**Try it:** Please transcribe the data exactly as shown, skipping the images.

**Collected data:**
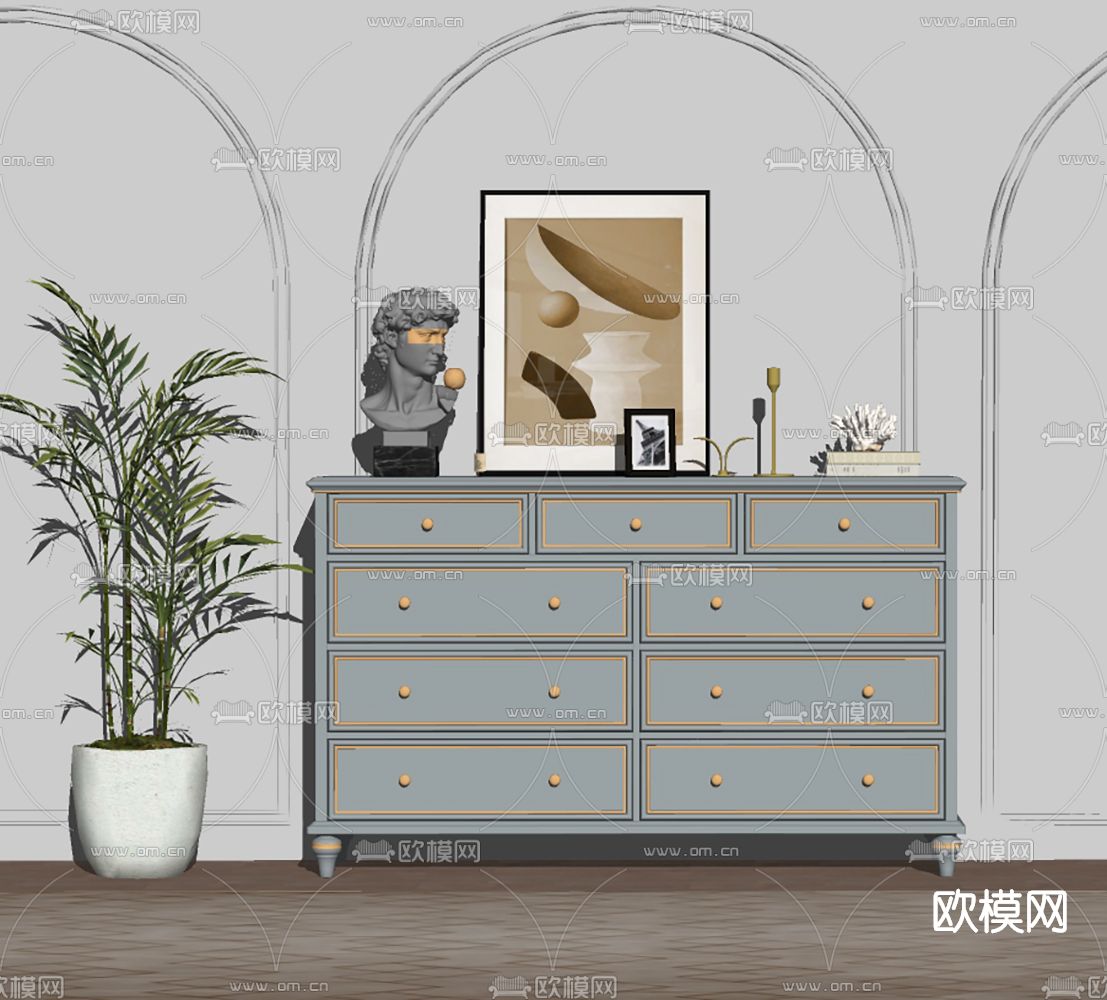 美式边柜su模型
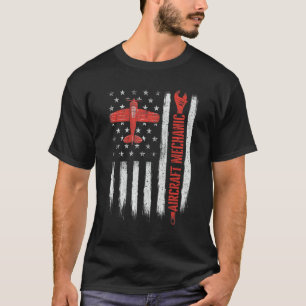Aircraft Mechanic American Flag Plane Aviation Te T-Shirt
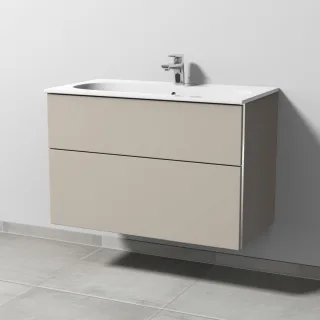 Sanipa 3way Waschtischunterbau zu Geberit Acanto Slim Waschtisch mit 2 Auszügen, Kaschmir-Matt BP4121U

**Written answer:**
 美式边柜su模型
Aircraft Mechanic American Flag Plane Aviation Te T-Shirt
 Sanipa 3way Waschtischunterbau zu Geberit Acanto Slim Waschtisch mit 2 Auszügen, Kaschmir-Matt BP4121U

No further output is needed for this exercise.